[Crawled caption data]

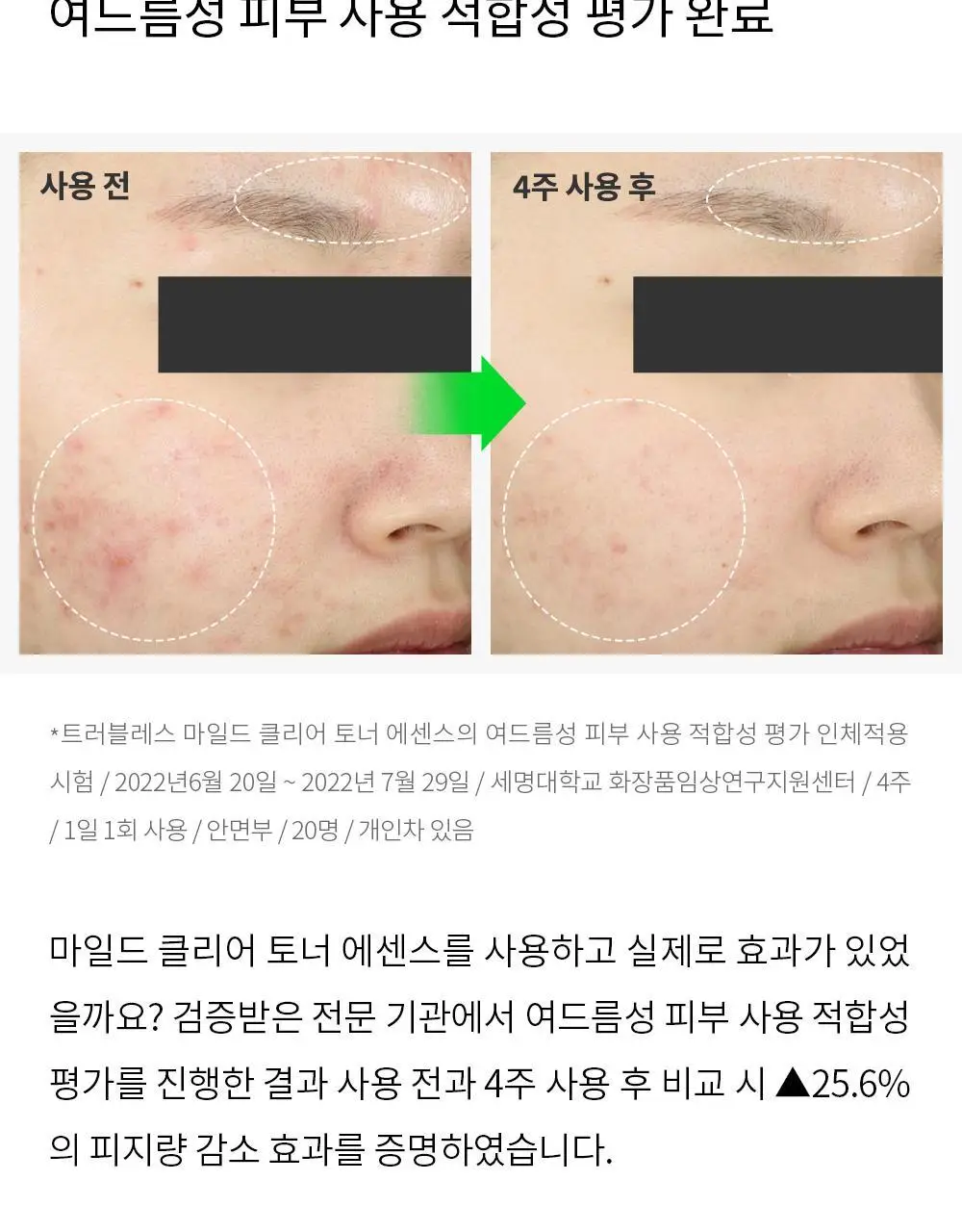 트러블레스 마일드 클리어 토너 에센스 200ml 상세페이지 20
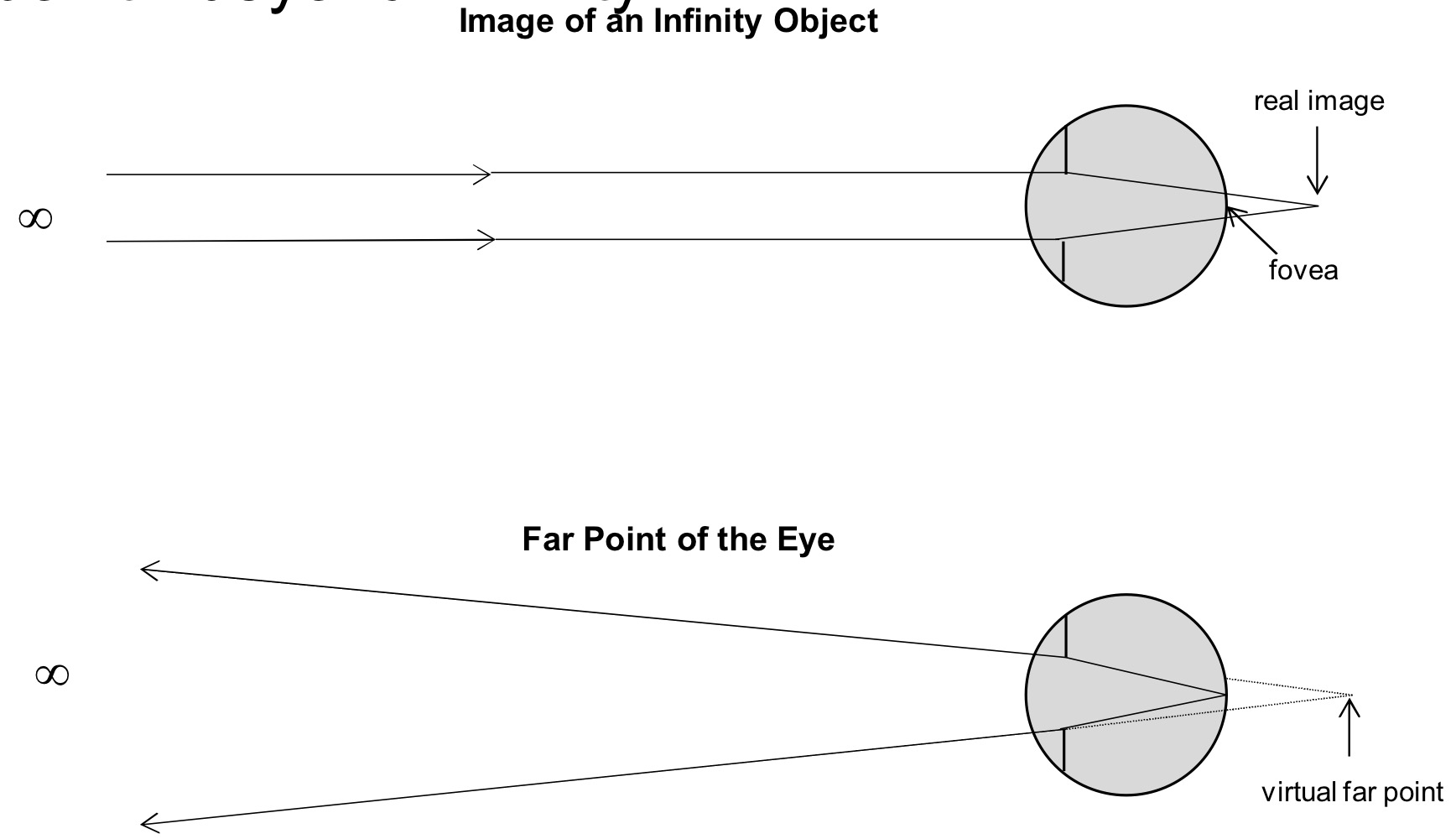 <p>far-sighted, plus lenses needed</p><p>Image point: behind the retina/ “behind the eye”; Far</p><p>point: “beyond” infinity</p>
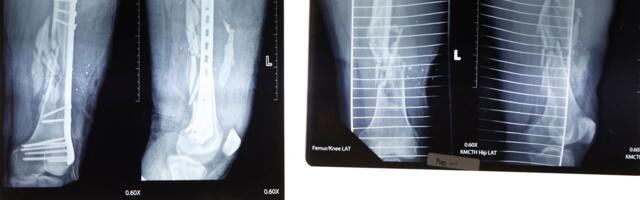 Hiinlased lõid „superliimi“ luude jaoks. See parandab murrud vaid loetud minutitega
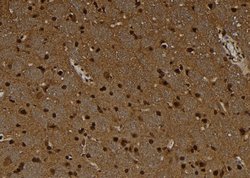 Invitrogen MAGEC1 Polyclonal Antibody 100 &mu;L; Unconjugated:Antibodies,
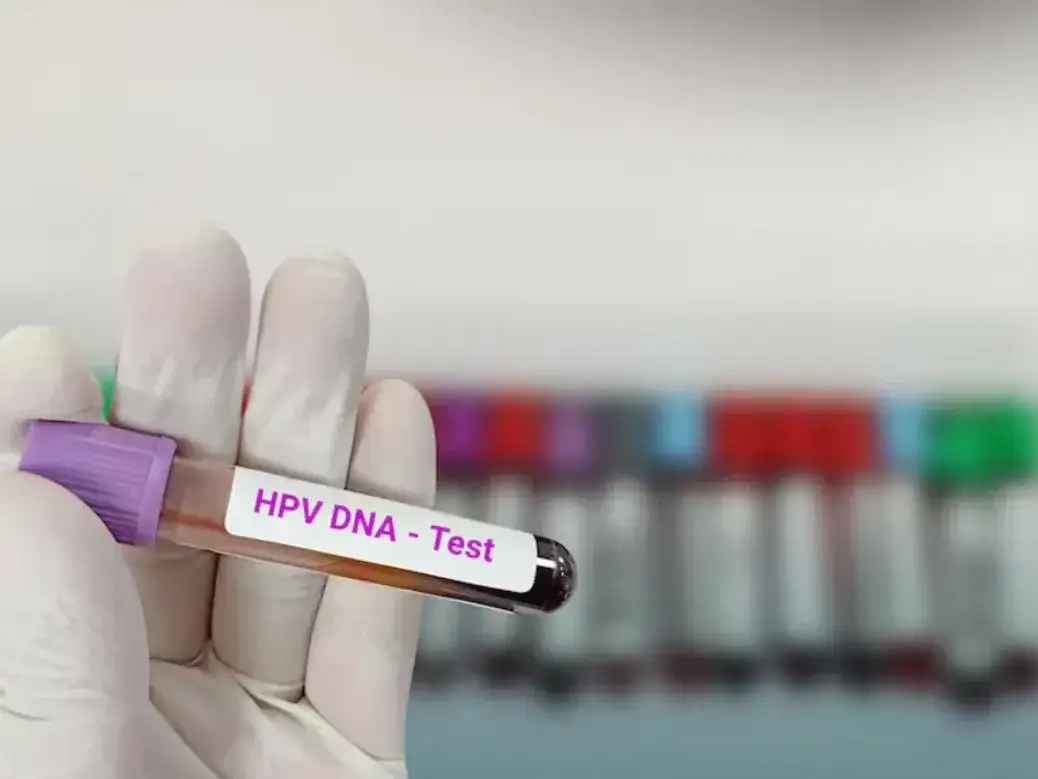 El test de VPH, un estudio clave para la detección temprana de tumores ginecológicos.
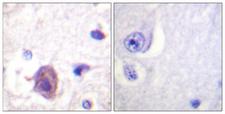 FAK / Focal Adhesion Kinase Antibody - Immunohistochemistry analysis of paraffin-embedded human brain, using FAK (Phospho-Ser910) Antibody. The picture on the right is blocked with the phospho peptide.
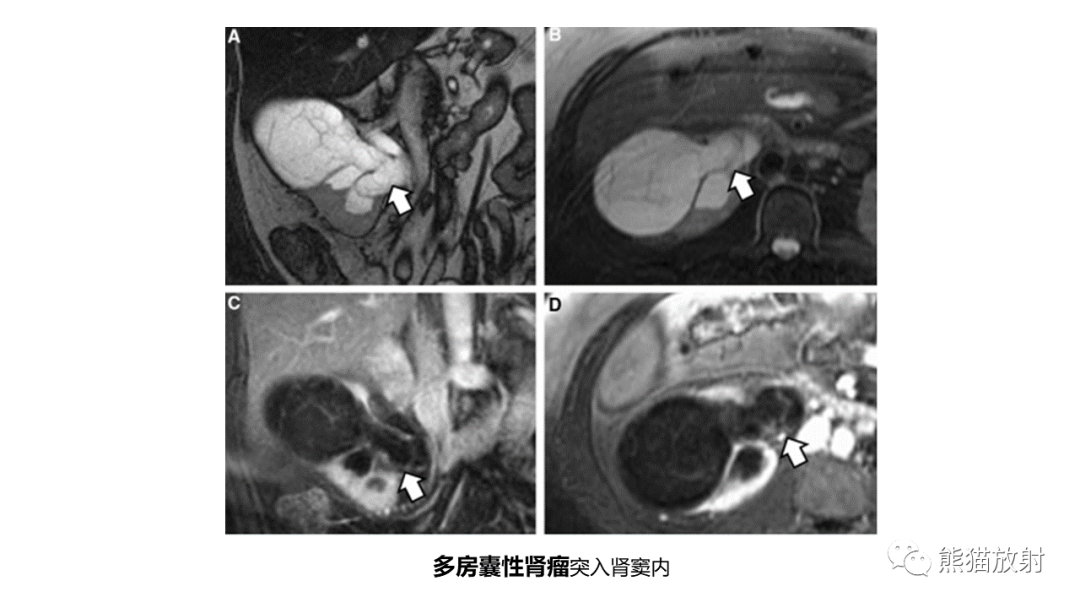 【PPT】肾窦病变影像诊断思路-47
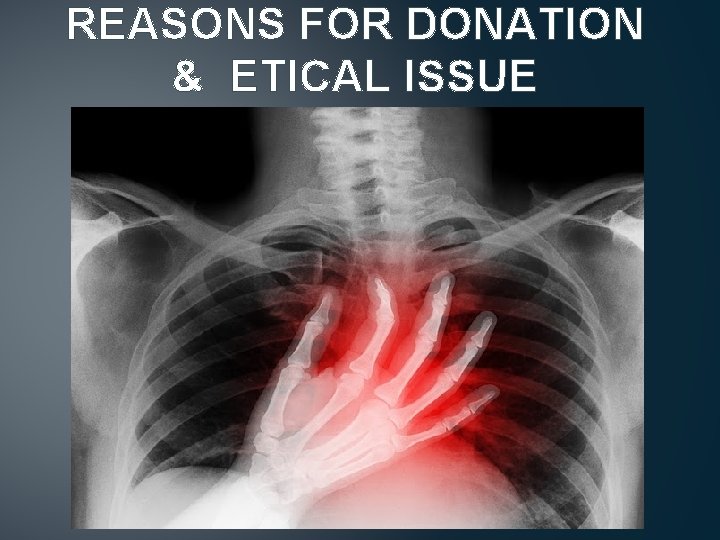REASONS FOR DONATION & ETICAL ISSUE 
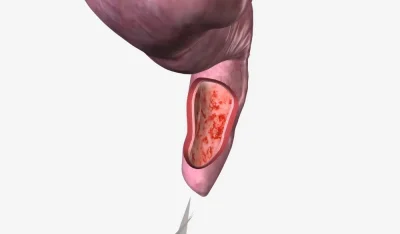 التهاب و ورم مقعدی: از تشخیص تا درمان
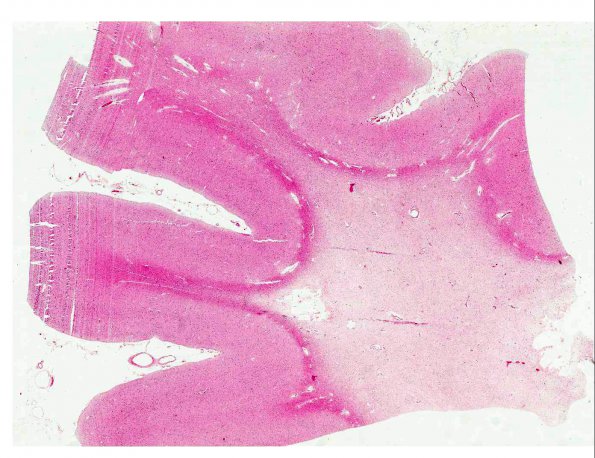 8B1 CADASIL (AANP 1994, Case 8) H&E X0.5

Work item: Would you output the data exactly, without any of its images?

Response:
 트러블레스 마일드 클리어 토너 에센스 200ml 상세페이지 20
 <p>far-sighted, plus lenses needed</p><p>Image point: behind the retina/ “behind the eye”; Far</p><p>point: “beyond” infinity</p>
 Hiinlased lõid „superliimi“ luude jaoks. See parandab murrud vaid loetud minutitega
 Invitrogen MAGEC1 Polyclonal Antibody 100 &mu;L; Unconjugated:Antibodies,
 El test de VPH, un estudio clave para la detección temprana de tumores ginecológicos.
 FAK / Focal Adhesion Kinase Antibody - Immunohistochemistry analysis of paraffin-embedded human brain, using FAK (Phospho-Ser910) Antibody. The picture on the right is blocked with the phospho peptide.
 【PPT】肾窦病变影像诊断思路-47
REASONS FOR DONATION & ETICAL ISSUE 
 التهاب و ورم مقعدی: از تشخیص تا درمان
 8B1 CADASIL (AANP 1994, Case 8) H&E X0.5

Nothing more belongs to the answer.